Ten freshmen Democrats co-signed a letter made public on Sept. 4 to the lower chamber’s 20 standing committee chairmen encouraging them to stop ignoring the “pay-as-you-go” (PAYGO) spending rule adopted by the House of Representatives in January.
The letter referred to a provision adopted when Democrats resumed the majority in the House earlier this year that requires any bill that would increase the federal deficit to be offset by legislation that either cuts current spending or increases taxes by an amount sufficient to cover the new costs.
The federal government’s 2018 annual deficit reached $779 billion, according to the Committee for a Responsible Federal Budget. With $4.3 trillion in spending, the current deficit is projected to be nearly $1 trillion when the 2019 fiscal year ends Sept. 30.
“At the beginning of the 116th Congress, [Speaker of the House Nancy] Pelosi and Democratic leadership agreed to a number of rules changes that would help make the legislative process more transparent and consensus-driven,” the 10 signers stated in the letter.
“One of those rules was the reinstitution of congressional Pay-As-You-Go (PAYGO) budget rules. Unfortunately, for much of the first eight months of the 116th Congress, we feel that PAYGO principles have not been followed throughout the legislative process, particularly as legislation is being considered at the committee level.”
The ten signers are Reps. Sharice Davids (D-Kan.), Ben McAdams (D-Utah), Colin Allred (D-Texas), Cindy Axne (D-Iowa), Ed Case (D-Hawaii), Joe Cunningham (D-S.C.), Kendra Horn (D-Okla.), Dean Phillips (D-Minn.), Abigail Spanberger (D-Va.), and Jeff Van Drew (D- N.J.).
The letter stated that “PAYGO represents a critical step toward putting our nation on track for a fiscally sustainable future.

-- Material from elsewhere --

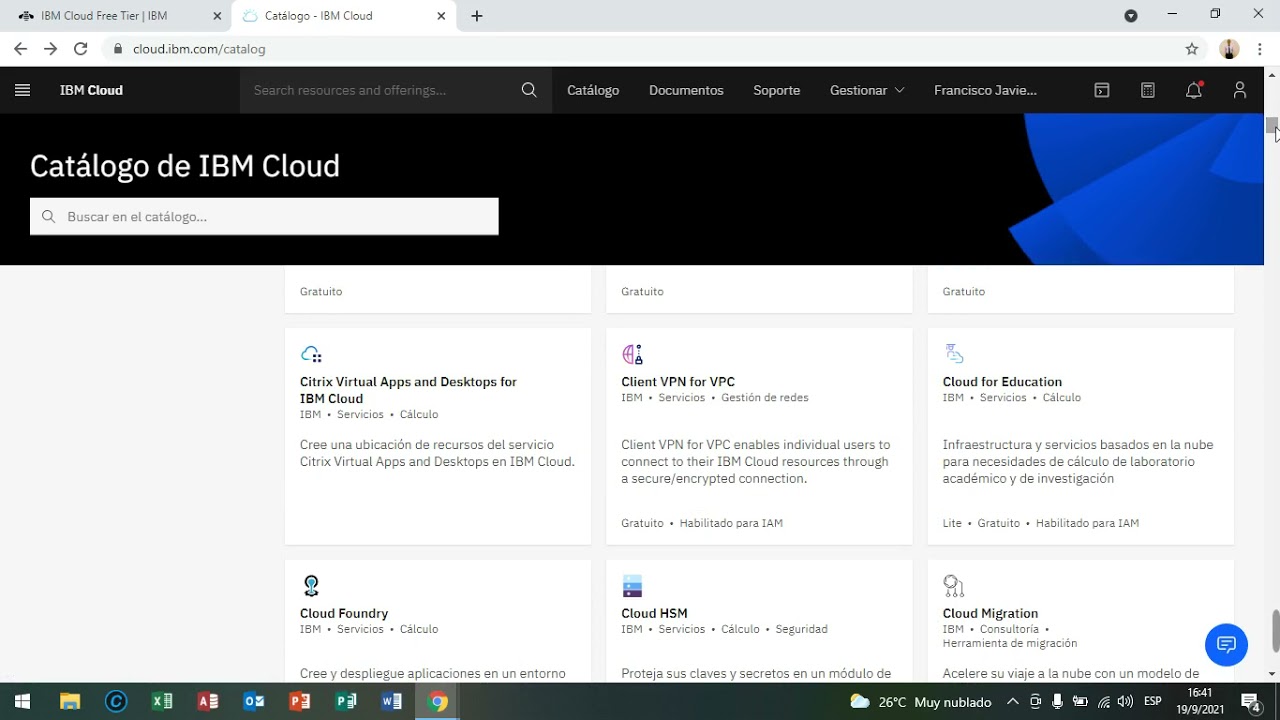 Curso Fundamentos de IBM Cloud-VIDEO 1-IBM Cloud es una nube ...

Despite PAYGO being in the House Rules, legislation has frequently moved through the committee process before the Congressional Budget Office (CBO) has time to properly review and score legislation.”
The signers recognized that CBO cost estimates aren’t always available before House members have to vote on proposals. That means “members do not have enough time to properly consider the potential costs and pay-fors of the legislation before casting votes.”

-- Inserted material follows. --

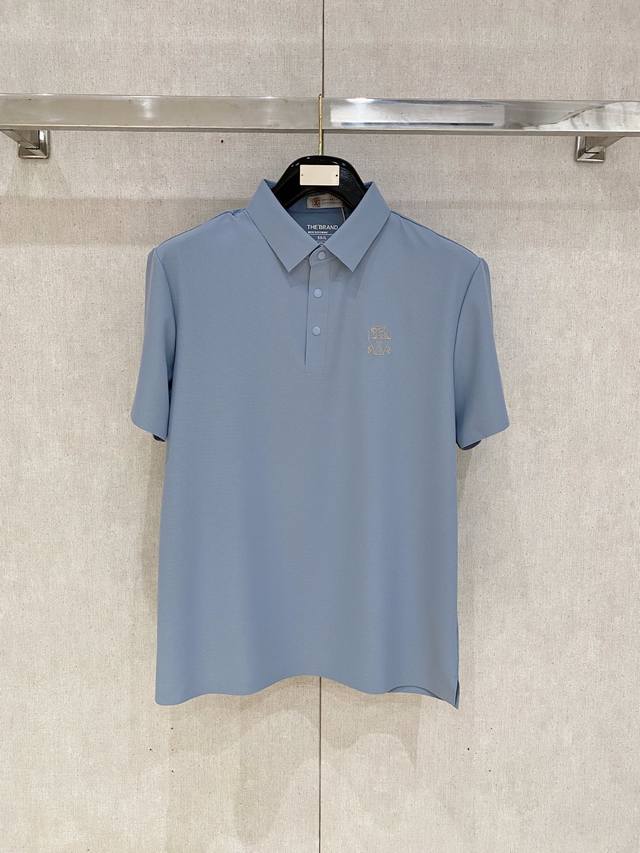 2025Ss Custom 280G pure cotton pique classic hot style Color: black beige Size:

“We understand that legislation referred to multiple committees of jurisdiction can present challenges for committee chairs to identify appropriate offsets or offsets in that respective committee’s jurisdiction in advance of floor consideration,” the signers wrote.
To make the PAYGO rules work, the signers said, “we urge you to work with us to ensure that each committee’s legislation is funded with responsible pay-fors that are considered early in the legislative process. We also ask that legislation is not advanced out of committees until it has received a CBO score.”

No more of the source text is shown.